# [The data]
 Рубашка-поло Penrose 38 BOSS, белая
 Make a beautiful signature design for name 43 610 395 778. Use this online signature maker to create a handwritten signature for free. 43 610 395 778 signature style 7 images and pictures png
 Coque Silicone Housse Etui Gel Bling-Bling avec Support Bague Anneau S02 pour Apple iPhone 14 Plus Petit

--

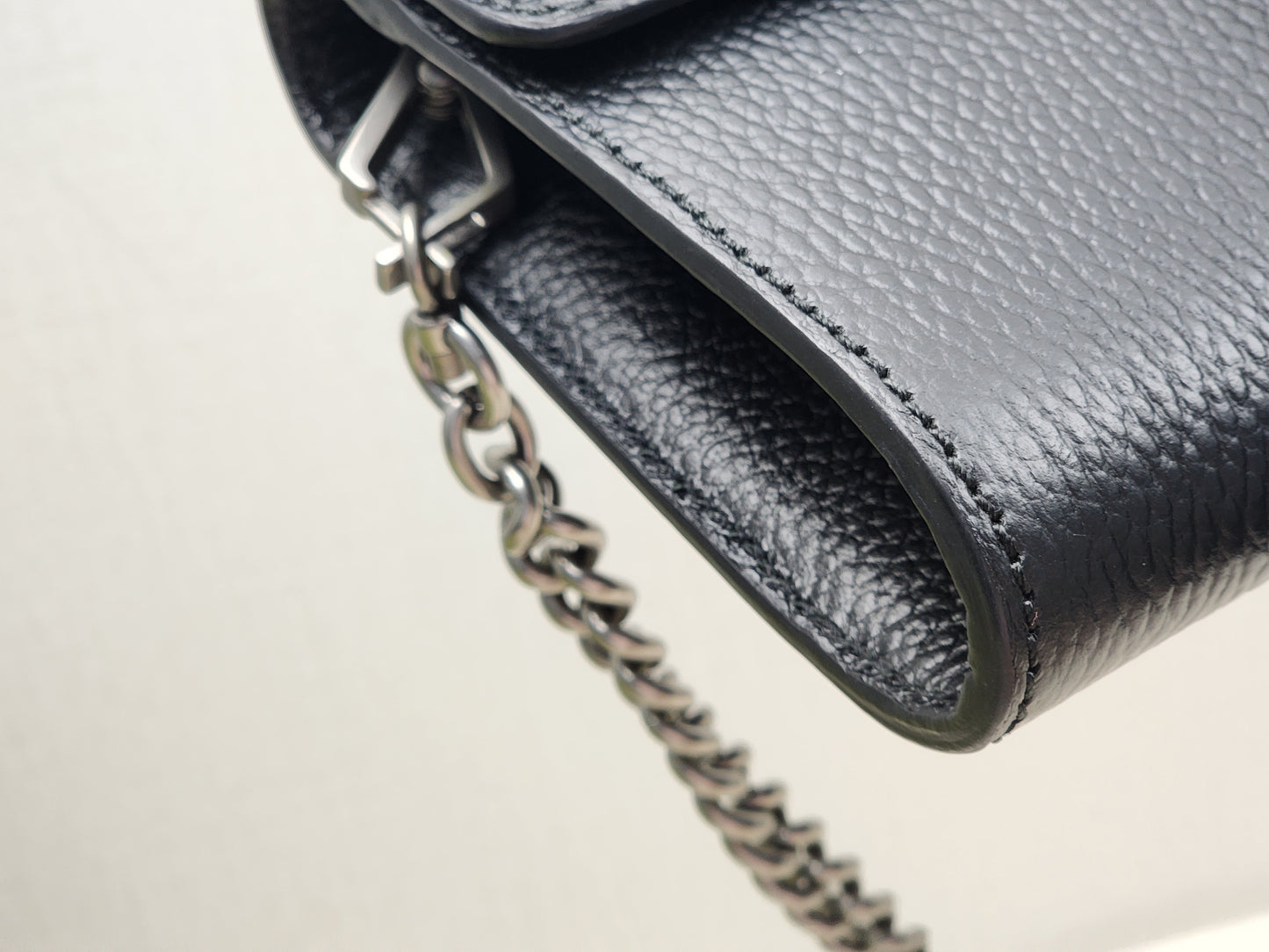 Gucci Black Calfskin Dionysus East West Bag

# [Prompt]
Your answer must consist solely of the lines above between the line holding "Рубашка-поло Penrose 38 BOSS, белая" and the line holding "Coque Silicone Housse", inclusive, copied exactly.

# [Solution to the exercise]
 Рубашка-поло Penrose 38 BOSS, белая
 Make a beautiful signature design for name 43 610 395 778. Use this online signature maker to create a handwritten signature for free. 43 610 395 778 signature style 7 images and pictures png
 Coque Silicone Housse Etui Gel Bling-Bling avec Support Bague Anneau S02 pour Apple iPhone 14 Plus Petit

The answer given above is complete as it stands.